David’s ascension to the throne comes after the death of Saul and his eldest son, whom David praises. Another of Saul’s son’s wars with David, but is betrayed and killed, evidence of this brought by the killers who expect to be rewarded by David. David instead orders their deaths for killing gods anointed. The continuity here is obvious; a demonstration of David’s continued piety and right to rule. That he garners this right form his own piety and the judgement of god rather than by might.
Davids rulership is presented seemingly briefly, but within the pretext of war. David is thus a military leader, obviously from before his ascension to the throne, and afterword, and his victory over the enemies of Israel are taken as evidence of his divine support. Problems do come to plague David however.
In a topic that became common for Renaissance painters, one that I didn’t recognize until I had afterword looked up the associations, we get David spying a bathing woman, Bathsheba, from his palace. The bathing woman is married, and David basically seducers her and than proceeds to try and get her husband to come home so that if she’s pregnant, there won’t be any awkward questions. This ultimately fails because her husband is too hide-bound and traditional and won’t leave the barracks, so David than sends him to the front lines where he gets killed. David than takes Bathsheba as a wife.

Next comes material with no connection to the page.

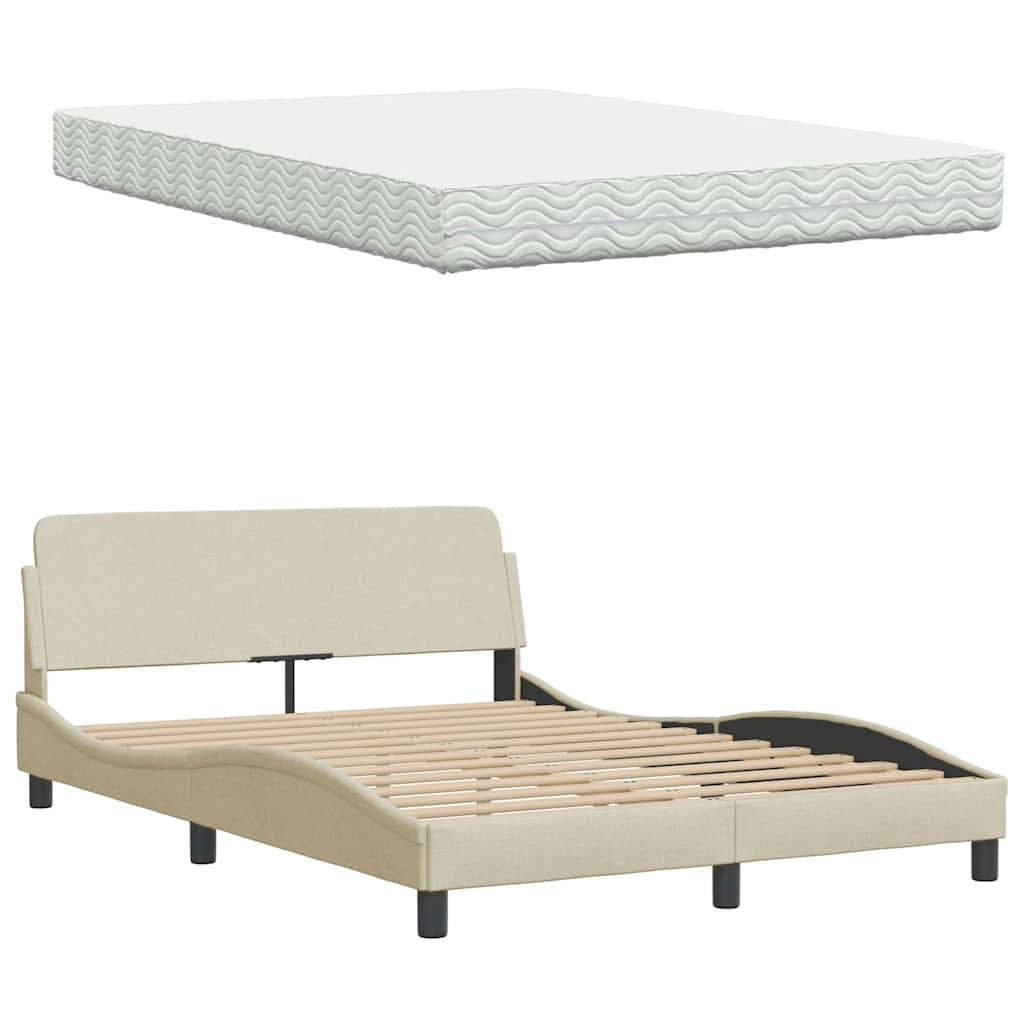 Lit avec matelas crème 140x190 cm tissu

We are made to understand within the text that this is a negative act by David and that indeed, his house will ‘never abandon the sword’ because of it. Thus the moral flaw of the ‘founder’ of the house propagates into the sins of it’s children. And oh what sins! One son of David’s conspires to have sex with his sister. Another son than murders that son. David’s favourite rises up in rebellion and is eventually killed, causing much sorrow. This last part was interesting, with it’s references to public perception and a fathers’ grief. It was an interesting introspection in terms of what it means to be a ruler in a monarchical system.
So I don’t have too much extra commentary on this. We get plenty of violence, war, and some racy bits, but mostly continued justifications for David’s rule and the ruler of his family, spread with incidents in David’s reign. As history is trikes me as more of an obvious morality play that even some of the earlier, heavier handed parts of the bible. With the story of Bathsheba, the question becomes how do we know of it? It works as a historical fable of a great king and how his lust caused problems for his family, but as a sequence of events that actually happened? It’s not impossible, there are certainly comparable examples in history, but with a book that spends so much time making David look pious, we have to question when this would have been written down, and why? and by whom? My own consideration is of course that it was if not written, than formalized by priests centuries later, again, as a morality tale. We are provided with a very human motivation, and it’s consequences. Can we imagine a present day leaders indiscretions being used as justification for why certain things are negatively effecting his nation?